John McEnroe and Jimmy Connors were fierce competitors on the tennis court. They also aren’t the best of friends. McEnroe, known for his quick temper and for speaking his mind, said he has always likened his tennis nemesis to Pete Rose.
John McEnroe’s tennis career
John McEnroe was as good as he was fiery. McEnroe was both intense and dominant on the tennis court. According to the International Tennis Hall of Fame, McEnroe was ranked in the World Top 10 for nine years and finished first in four consecutive years from 1981-1984.
McEnroe won 77 singles titles, 72 in doubles competition and was ranked No. 1 in the world in both categories. He finished his Hall-of-Fame career with an 877-198 career record in singles and a 532-103 mark in doubles. He’s a three-time singles winner of both Wimbledon and the U.S. Open. He made the Wimbledon final in 1980, but fell to Bjorn Borg in one of the most epic matches in history. Borg won 1-6, 7-5, 6-3, 6-7 (16-18), 8-6.
McEnroe had arguably his best year in 1984. That year, the left-hander put together the best singles record in the Open Era, compiling an 82-3 mark. He made his lone French Open final in 1984, but fell to Ivan Lendl. His doubles resume was extremely impressive as well as he teamed with Peter Fleming to win 52 doubles titles, including four at Wimbledon (1979, 1981, 1983, 1984) and three at the US Open (1979, 1981, 1983).
John McEnroe vs. Jimmy Connors
It just might be the biggest rivalry in tennis. If it’s not the biggest, it’s certainly right near the top. John McEnroe and Jimmy Connors faced off against each other 34 times between 1977 and 1991. After the two players were into retirement, Connors told The Independent, “To have carried on this rivalry for so many years, and for you still to be talking about it, must mean that we made our mark somewhere,” he said.
The two first met in 1977 in the semifinals at Wimbledon when Connors won 6–3, 6–3, 4–6, 6–4. In fact, when it came to head-to-head matches, Connors won the first four meetings. Connors held a 6-1 advantage in personal matchups before McEnroe came on strong and went 20-14 against Connors in their 34 meetings.
Beginning in 1983 at the Cincinnati Open and running through the Pacific Coast Championships in 1986, McEnroe didn’t lose to Connors. He won 11 straight singles matches that spanned four years. Connors snapped his personal losing streak to McEnroe at the Canadian Open in 1987.
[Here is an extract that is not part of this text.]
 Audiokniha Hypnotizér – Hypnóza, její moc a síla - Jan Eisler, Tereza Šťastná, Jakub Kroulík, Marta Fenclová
McEnroe likens Connors to Pete Rose
The respect was there. The love for each other wasn’t. In a 2018 interview with Graham Bensinger, John McEnroe was asked why he and Jimmy Connors didn’t get like each other. “Besides him being a complete a–hole?” McEnroe said. “And him thinking I was? We have some ancestry that we might be somewhat volatile. We might get upset, maybe more easily than others. From his perspective, I could understand and I’d be the same way if some 18-year-old kid – and I’m like number one or two in the world – and he’s trying to take my mantle or trying to become the number one American. I can see why he would not like that.”
Although there is a strong dislike for each other, the respect is there. “We don’t like each other,” McEnroe said. “If we were in a room together, we could talk. We always had respect for each other. The only guy who’s ever tried harder on a tennis court is Raffy Nadal, in my book, and he’s not far behind. I hope I made him better and I know he made me better.”
McEnroe likened Connors to Pete Rose. “They look like twins to me,” he said. “They have the same haircuts and the way they played, that intensity. When Pete Rose ran over Ray Fosse in the All-Star Game and you’re like what in God’s name is this guy doing? They had this chip on their shoulder like everyone was against them. So I look at those two, literally, as almost the exact same people.